このアレナもジャンと同じく、シャルルと同世代の侍女で、幼馴染のように育てられたがために、シャルルに遠慮せず、意見を口に出来る人間の一人だ。
「坊っちゃんは氷の公爵と呼ばれていらっしゃいましたが、この屋敷に仕える者は皆、坊っちゃんが心優しい誠実な方だということを知っています」
「アレナ……」
シャルルは長年付き合いのある侍女頭の慈愛のこもった言葉に涙を滲ませた。
「でもそれとこれとは別です」
アレナの瞳は凍てついた吹雪のようだった。
「うっ!」
「早くさっさと御世継ぎを作ってくださいませんと……この子が仕える主人がいなくなってしまうではないですか」
アレナは微かに膨らんだ、自分の腹を優しく撫でた。そう、アレナの腹の中には子供がいるのだ。それを見てシャルルは僅かに表情を曇らせた。
(仕事命、一生独身宣言をしていたアレナがこんな時期に子を孕んだ一因は俺にある……)
子供の父親は、隣にいるジャンである。少し前に、なかなか結婚するそぶりを見せないシャルルに痺れを切らした前当主__シャルルの父が長年付き合いがあり、シャルルを支えてくれるのならば、もはや相手は侍女でも良いのではと言い出し、アレナと身分差がある無茶な縁談を持ち込もうとしたことがあったのだ。
基本的に貴族に持ち込まれた縁談を平民は断ることができない。前当主の口から、縁談が口に出されてしまったところで、アレナの拒否権は奪われてしまう。
それを躍起になって防いだのが、ジャンである。
実はジャンは昔からアレナに恋心を抱いていた。しかし同時に幼い頃から共に過ごし、同じ従者として苦楽を共にしてきたアレナはジャンにとって、かけがえのない大切な同僚でもあった。
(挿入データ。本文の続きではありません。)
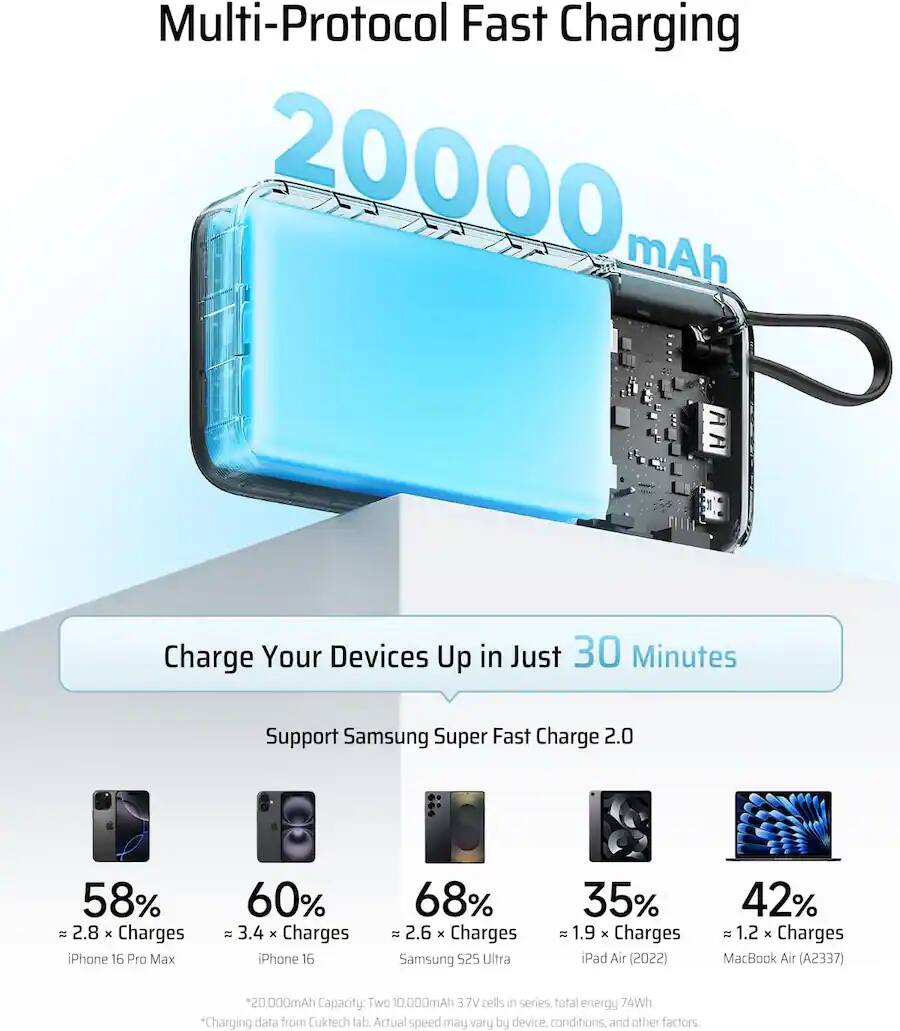 Multi-Protocol Fast Charging 20000 mAh

Charge Your Devices Up in Just 30 Minutes

Support Samsung Super Fast Charge 2.0

- 58% = 2.8 x Charges iPhone 16 Pro Max
- 60% = 3.4 x Charges iPhone 16
- 68% = 2.6 x Charges Samsung S25 Ultra
- 35% = 1.9 x Charges iPad Air (2022)
- 42% = 1.2 x Charges MacBook Air (A2337)

Capacity: Two 10.000mAh 3.7V cells in series. Total energy 74Wh

*Charging data from Cuktech lab. Actual speed may vary by device, conditions, and other factors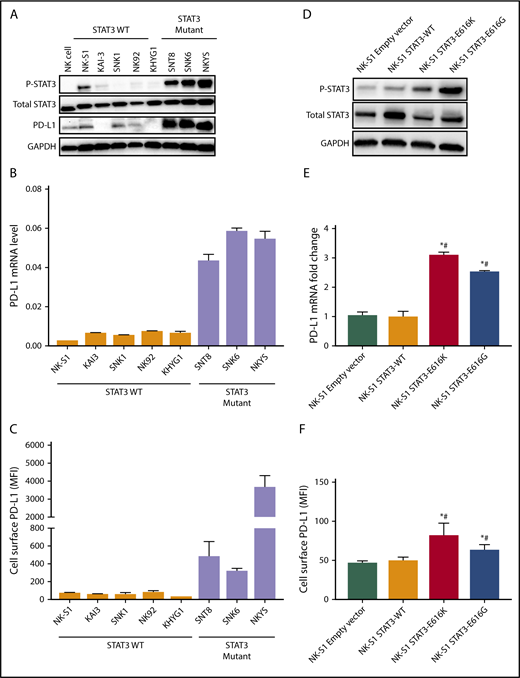 Figure 3. Expression of PD-L1 is induced by STAT3 in NKTL. (A) Protein expression of pSTAT3 (Y705), total STAT3, and PD-L1 examined by western blot in NKTL cell lines at basal state. (B) Expression of PD-L1 mRNA examined by RT-qPCR in NKTL cell lines at basal state, and results were normalized against housekeeping gene CHMP2A. (C) Expression of membranous PD-L1 examined by flow cytometry in NKTL cell lines at basal state. (D) NK-S1 cells were transduced with empty vector, STAT3WT, p.E616K, and p.E616G expression vectors. The pSTAT3 and total STAT3 protein levels in these cells were detected with western blot. (E) PD-L1 mRNA in these cells was detected by RT-qPCR. Results were represented as fold change relative to empty vector and normalized against housekeeping gene CHMP2A. (F) Membranous PD-L1 expression in these cells was detected by flow cytometry. All results are expressed as mean ± SD of 3 independent experiments. *P < .05 compared with empty vector; #P < .05 compared with STAT3WT.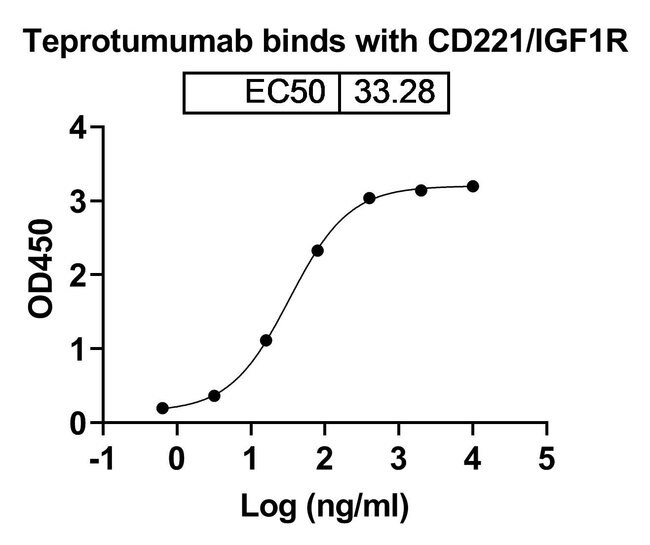 100UG TEPROTUMUMAB ANTIBODY 100 UG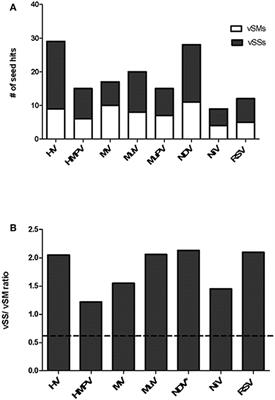 MicroRNA and Nonsense Transcripts as Putative Viral Evasion Mechanisms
自分の微かな恋心のせいでアレナとの関係性に綻びが出るくらいならばと、自分の思いを心の奥底にしまいながら職務をこなしていたのだ。
しかし、このままではアレナが望まぬ形でシャルルに娶られてしまうと知るとジャンは早急に動き出した。
自分の思いを告げ、驚くほどのスピードであれよあれよという間にアレナと婚姻を結んだ。
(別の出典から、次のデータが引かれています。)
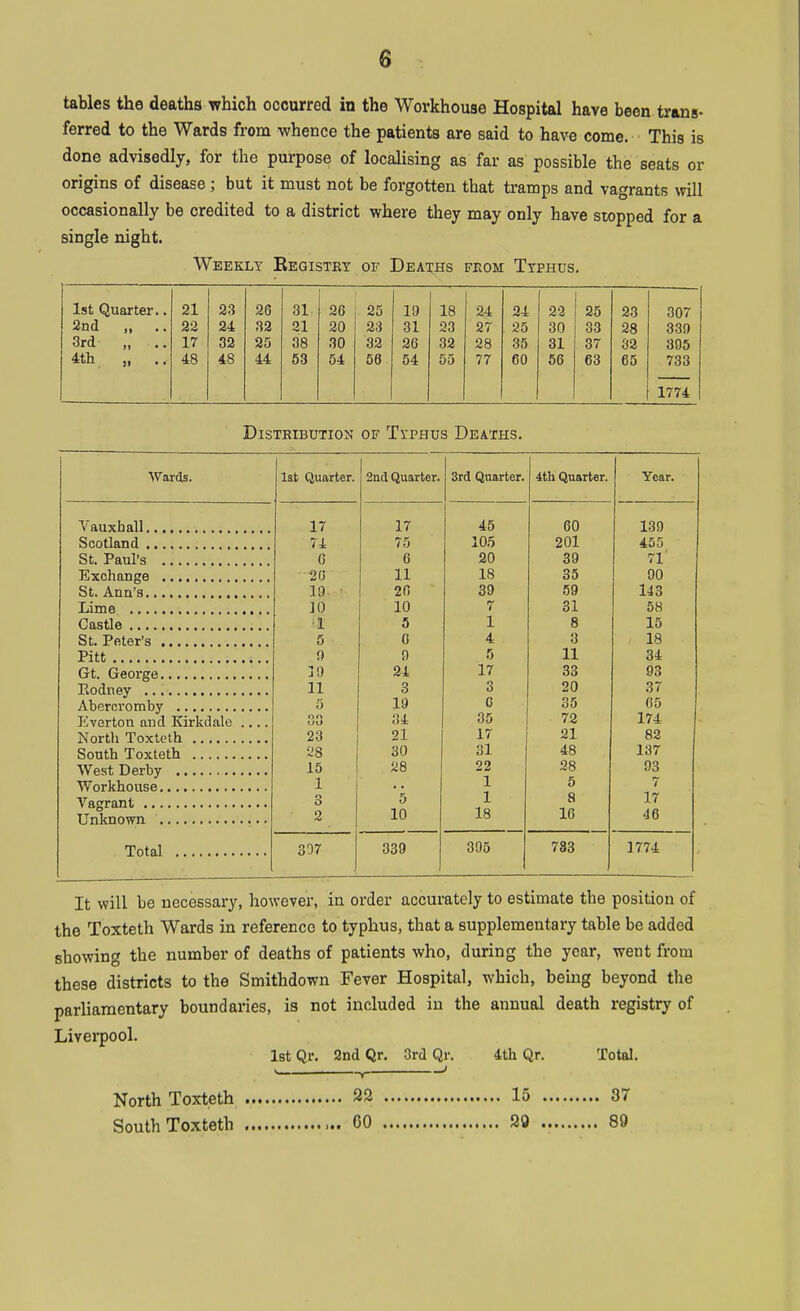 tables the deaths which oocurred in the Workhouse Hospital have been trans- ferred to the Wards from whence the patients are said to have come. This is done advisedly, for the purpose of localising as far as possible the seats or origins of disease ; but it must not be forgotten that tramps and vagrants will occasionally be credited to a district where they may only have stopped for a single night. Weekly Registry or Deaths from Typhus. ■ ■ ■ 1st Quarter.. 21 23 26 31 20 25 19 18 24 24 22 25 23 307 2nd „ .. 22 24 32 21 20 23 31 23 27 25 30 33 28 330 3rd „ .. 17 32 25 38 30 32 26 32 28 35 31 37 32 395 4th „ . , 48 48 44 53 54 56 54 55 77 60 56 63 65 733 1774 Distribution of Typhus Deaths. Wards. 1st Quarter. 2nd Quarter. 3rd Quarter. 4th Quarter. Year. 17 17 45 60 139 74 75 105 201 455 St. Paul's G 6 20 39 71 26 11 .18 35 90 19 20 39 59 143 10 10 7 31 58 1 5 1 8 15 5 0 4 3 18 Pitt n 9 5 11 34 19 24 17 33 93 11 3 3 20 37 5 19 C 35 65 Everton arid Kirkdale .... 33 35 72 174 North Toxteth 23 21 17 21 82 South Toxteth 28 30 31 48 137 15 1 28 22 1 28 5 93 7 o 0 5 1 8 17 2 10 18 16 ■J 6 397 339 395 783 1774 It will be necessary, however, in order accurately to estimate the position of the Toxteth Wards in reference to typhus, that a supplementary table be added showing the number of deaths of patients who, during the year, went from these districts to the Smithdown Fever Hospital, which, being beyond the parliamentary boundaries, is not included iu the annual death registry of Liverpool. 1st Qr. 2nd Qr. 3rd Qr. 4th Qr. Total. North Toxteth 22 15 37 South Toxteth CO 29 89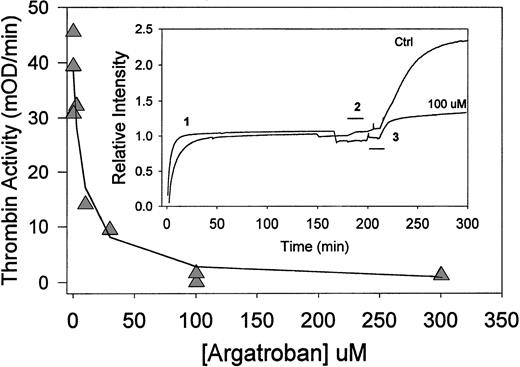 Fig. 2. Argatroban inhibition of thrombin bound to aged fibrin clots (clot perfusion assay). (Insert) Time-course of clot perfusion assay. Clots were formed by the addition of thrombin (0.5 NIH units/mL) to fibrinogen (1 mg/mL) in HBS, pH 7.4, containing CaCl2 (2 mmol/L) and bovine serum albumin (3 mg/mL). The solution was then (before the gel point) transferred to an absorbance flow-cell (path length, 1 cm) in a spectrophotometer. Relative intensity, ie, the absorbance at 405 nm expressed as a fraction of the clotted fibrin signal, is presented as a function of time (1). After 180 minutes of incubation at 23°C, clots were perfused with either HBS, pH 7.4 (upper trace), or argatroban (100 μmol/L in buffer; lower trace) for the period indicated by the bracket (2). Thirty minutes after the start of that perfusion, each clot was perfused with chromogenic substrate S-2238 (560 μmol/L in water), as indicated by the bracket (3). After this perfusion (during which the absorbance increases by ∼10%), the initial rate of color development was determined from the digitally stored data. Argatroban dose-response data. (△) Thrombin activity (initial rate of color development at 405 nm) obtained as a function of argatroban concentration in the perfusate. The solid line was determined with the IC50 value of 8.0 ± 2.4 μmol/L obtained by fitting the data to equation 1.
側から見ると強引に見えるほどの勢いだったが、愛する女を守るために必死だったのであろう。
念には念を入れたジャンは、アレナとの結婚が破談にならぬよう、式を挙げた直後、すぐさま腹に子供までこさえた。
結果的にアレナはジャンを憎からず思っていたことがわかり、二人は幸せに暮らしている。
アレナも
「シャルル様のおかげで私はよい伴侶と家族を得ることができましたわ。きっと何もなかったら私たちは一緒になっていなかったでしょうし」
なんて言って笑ってくれた。
しかし、自分との結婚話が持ち上がらなければ、アレナは早急に結婚をする羽目にはならなかったのではないかという思いも拭い切れない。
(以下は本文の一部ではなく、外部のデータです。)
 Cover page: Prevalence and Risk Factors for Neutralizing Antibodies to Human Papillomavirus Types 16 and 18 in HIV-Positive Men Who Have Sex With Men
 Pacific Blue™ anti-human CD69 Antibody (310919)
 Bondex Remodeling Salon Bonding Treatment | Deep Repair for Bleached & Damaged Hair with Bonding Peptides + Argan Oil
シャルルの婚姻関係で運命を狂わされた人間は侍女のアレナだけではない。シャルルと歳周りが近い子女は漏れなく、見目麗しいシャルルに恋心を抱いた。懸命なアタックの末、思いを諦めきれず婚期を逃したものも多いと聞く。
(俺ごときの婚姻に何人の人間が運命を狂わせているのだろう)
これ以上の犠牲者が出なければいい。鋭い眼光と、獅子のような顔つきをしているにもかかわらず、心根が優しいシャルルは目を瞑り、神に願うような気持ちだった。